1. Assembly (2) for making at least one eyelet (0) on a planar star (S) of metal wire for the production of a cage (G) for sparkling beverage corks;

said star (S) comprising a plurality of arms having loops at their peripheral ends, and one end having two crossed wires defining whiskers;

said assembly (2) comprising:

• at least one processing mechanism (3) for carrying out at least one operation on the end of at least one arm (SI) of the star (S) ;

• at least one bending mechanism (5) for bending one end of at least one arm (SI) of the star (S) processed by the processing mechanism (3), for the purpose of making an eyelet (0) at the end of said at least one arm (SI) ;

• at least one transport mechanism (7) for moving at least one star (S) between said at least one processing mechanism (3) and said at least one bending mechanism ( 5 ) ;

each one of said at least one processing mechanism (3) and said bending mechanism (5) comprising actuator means (32, 33, 52) independently controlled through respective motor means (Ml, M2, M3 ) ;

said actuator means (32, 33, 52) being configured for operating in the plane defined by said star (S);

said at least one bending mechanism (5) bends one end of at least one arm (SI) of the star (S) directly on the star (S) exiting the processing mechanism (3);

characterized in that: said at least one processing mechanism (3) comprises least two pressing devices (32), each one of which is used for pressing, in an independent manner, a peripheral end of at least one arm (SI) of said star

(S) ;

• at least one of said at least two pressing devices (32) comprises a cutting element (33) .

2. Assembly according to claim 1, wherein said handling mechanism (7) comprises:

least one shifting device (72), and

- at least two retaining elements (74), each one having a fork-like shape and being adapted to support said star (S); said shifting device (72) being adapted to move at least one star (S) between said at least two retaining elements (74) .

3. Assembly according to claim 2, wherein said at least two retaining elements (74) are aligned along a first axis (Y) , and at least one of them is so shaped as to make a transversal movement relative to the alignment axis (Y) , in order to correctly arrange the star (S) at said at least one processing mechanism (3) or at said at least one bending mechanism (5) .

4. Assembly according to claim 1, wherein said bending device (5) comprises at least two forming devices (52), each one for bending, in an independent manner, a peripheral end of at least one arm (SI) of the star (S) for forming the eyelet (0) .

5. Assembly according to one of the preceding claims, wherein each device or element (32, 33, 52, 72, 74) comprised in the respective mechanisms (3, 5, 7) comprised in the assembly (2) is driven by an independent motor means or actuator device (Ml, M2, M3 , 75, 76) .

6. Assembly according to claim 5, wherein the axes of said motor means or actuator devices (M2, M3, 75, 76) are aligned with the devices comprised in the mechanisms (3, 5, 7) comprised in the assembly (2) .
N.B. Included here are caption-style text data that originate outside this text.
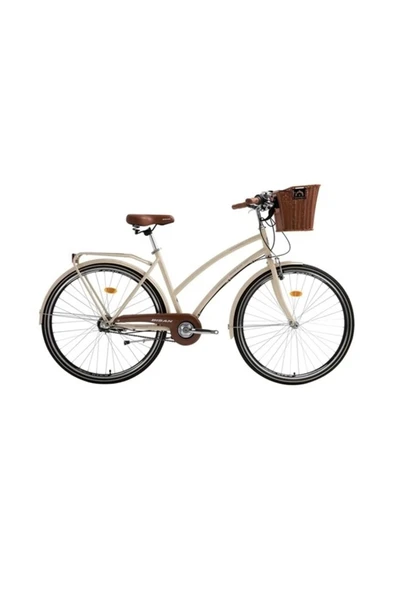Bisan BİSAN SERENITY KADIN ŞEHİR BİSİKLETİ 48CM V 28 JANT NEX.3 VİTES KREM SİLVER ürün görseli 1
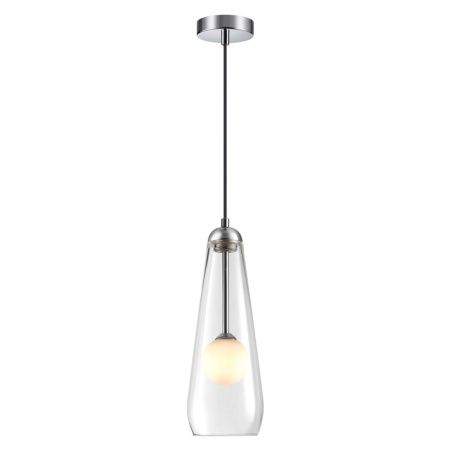 Подвес G9 1*40W LOSTAR хром/белый/прозрачный/стекло C ODEON LIGHT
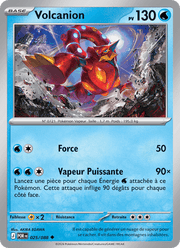 Volcanion 025/124 Pokémon Équilibre Parfait (ME03)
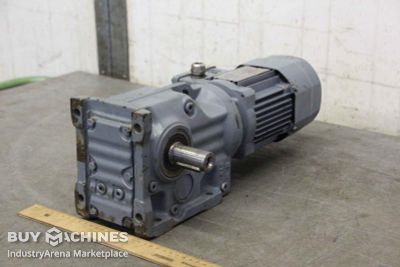 Gear motor 0.25 kW 19 rpm SEW-Eurodrive K37 DR63L4/BR/TF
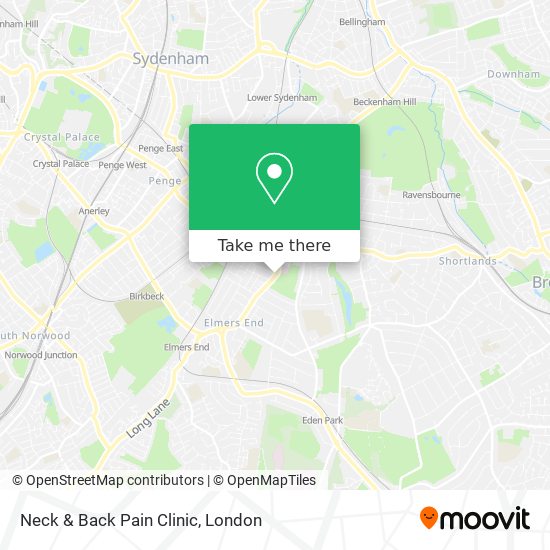 Neck & Back Pain Clinic map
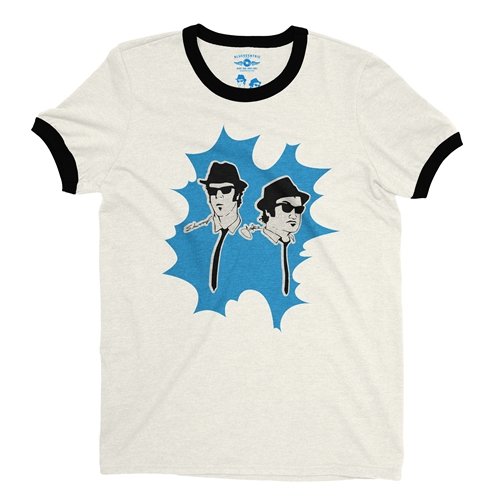 The Blues Brothers Blue Burst Ringer T-Shirt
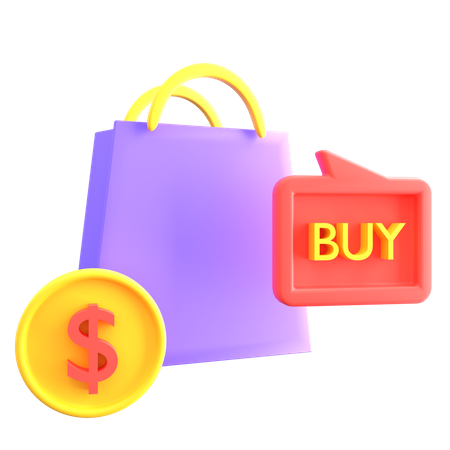 Ecommerce  3D Icon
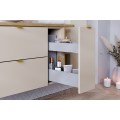 Závěsná skříňka pod umyvadlo Dalia Cashmere Nordic s deskou 80 cm dub cremona/kašmírová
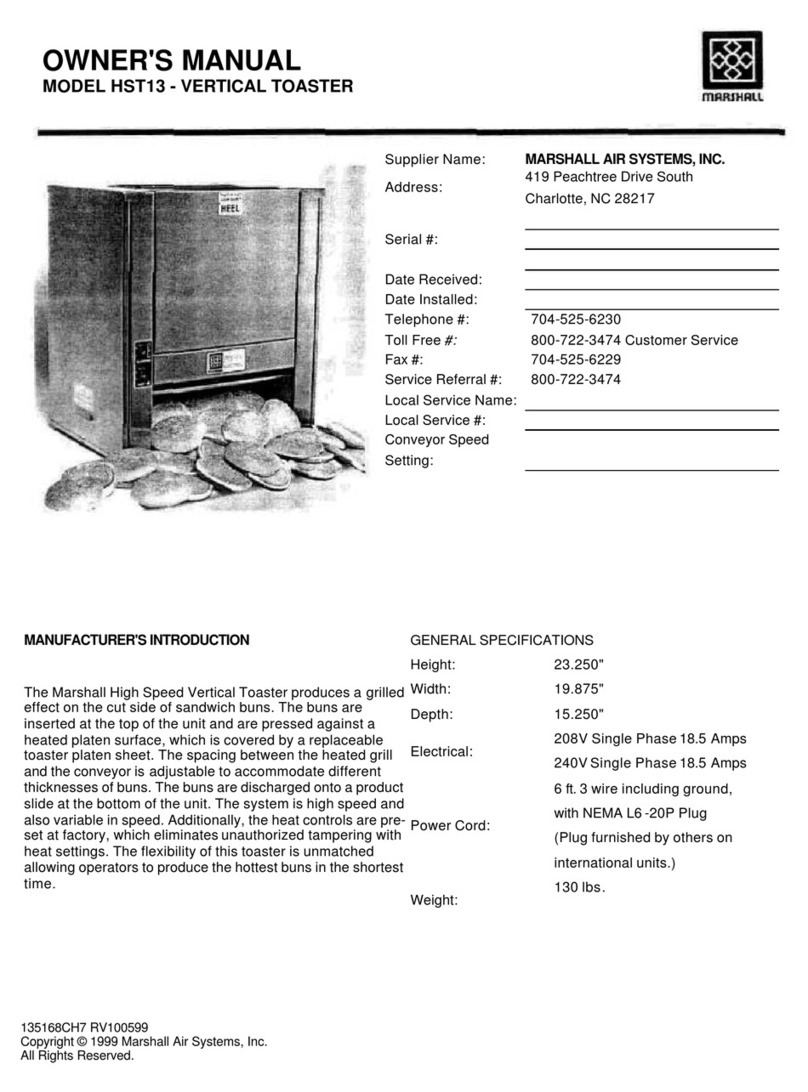 Marshall Amplification HST13 owner's manual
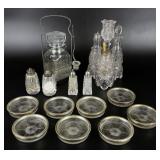 Antique Pickle Castor, Victorian Cruet Set & More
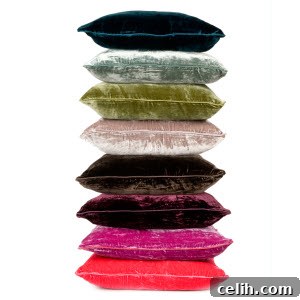 Silk Velvet Cushions Luxurious silk velvet jewel cushions - Jewel Coloured Cushions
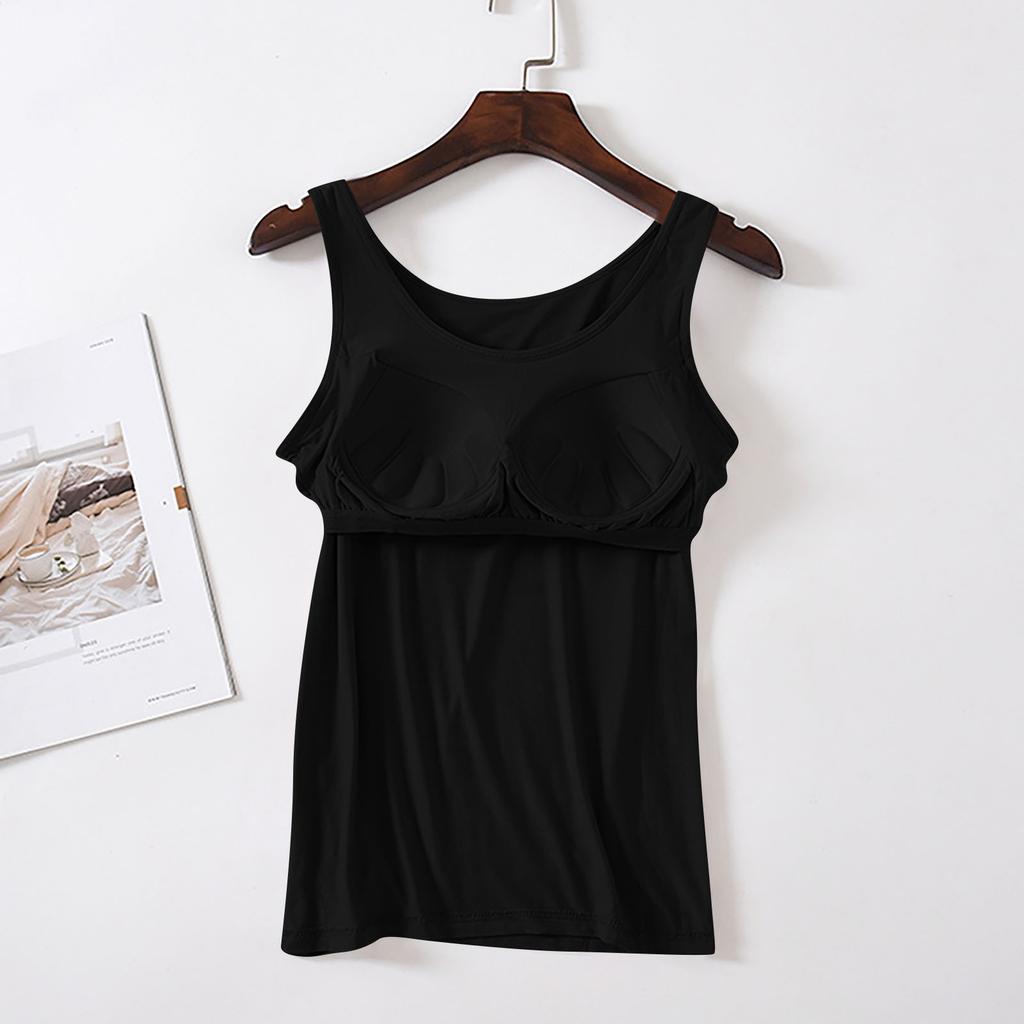 Молодых девушек однотонный цвет чашечки йога нижняя рубашка спортивное нижнее белье жилет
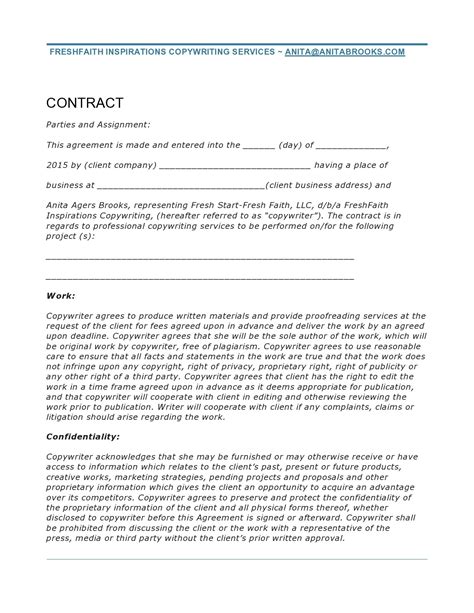 freelance contract templates ms word templatelab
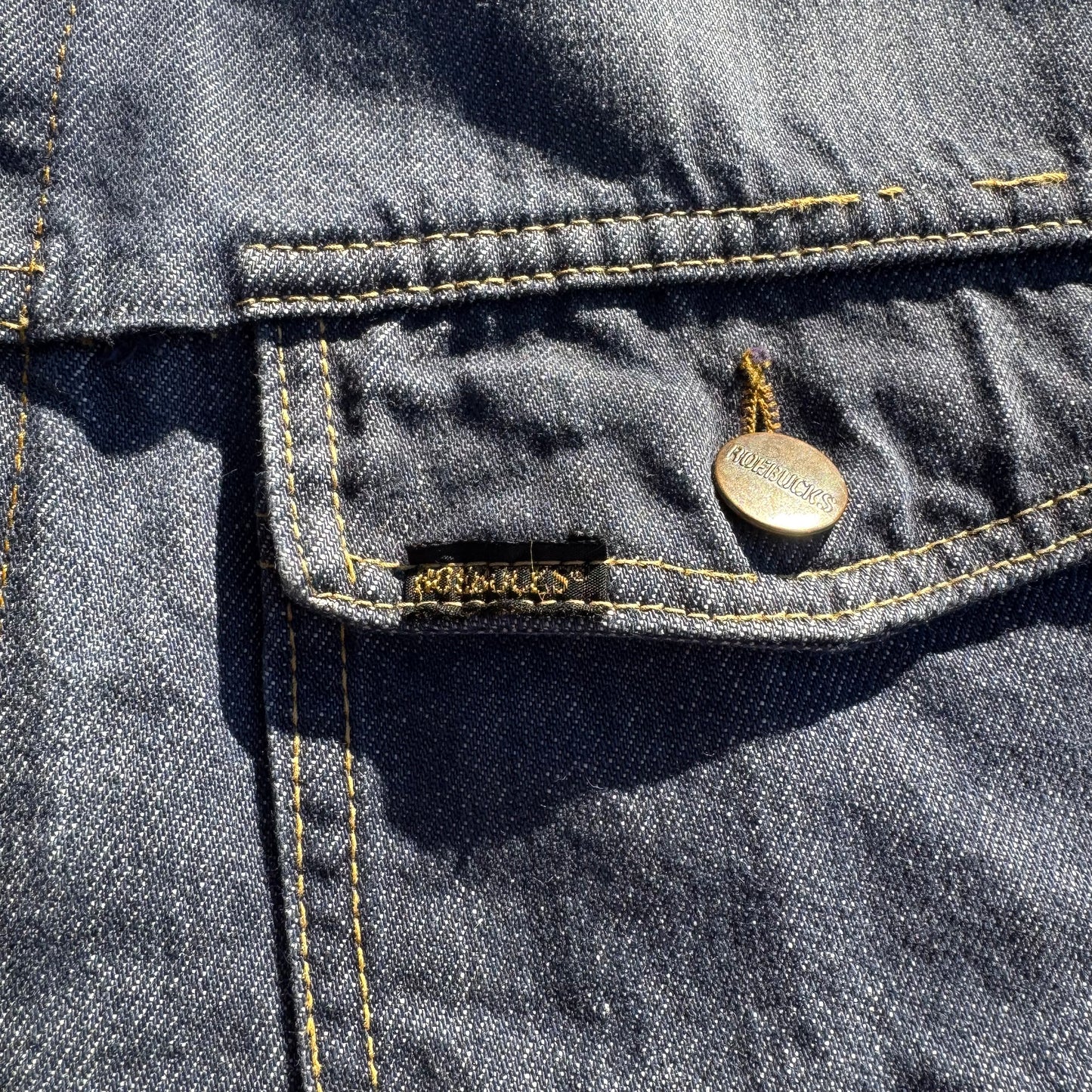 70s-80s Roebucks Sears Denim Jacket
7. Assembly according to one of the preceding claims, wherein a control unit (20) is comprised for activating and controlling the processing mechanism (3), the bending mechanism (5) and the transport mechanism (7) .

8. Assembly according to claim 7, wherein said assembly comprises at least one sensing device (21) capable of returning a datum that allows determining the force exerted on said end of the arm (SI) ; said at least one sensing device (21) being connected to said control unit.

9. Assembly according to claim 1, wherein said pressing elements (32) are removably fixed to the processing mechanism (3), so that they can be replaced.

10. Machine for the production of cork cages to be associated with sparkling beverage bottles, comprising at least one station for forming a star (S);

characterized in that at least one station of the machine comprises at least one assembly (2) for making at least one eyelet (0) on a star (S) in accordance with one of claims 1 to 9.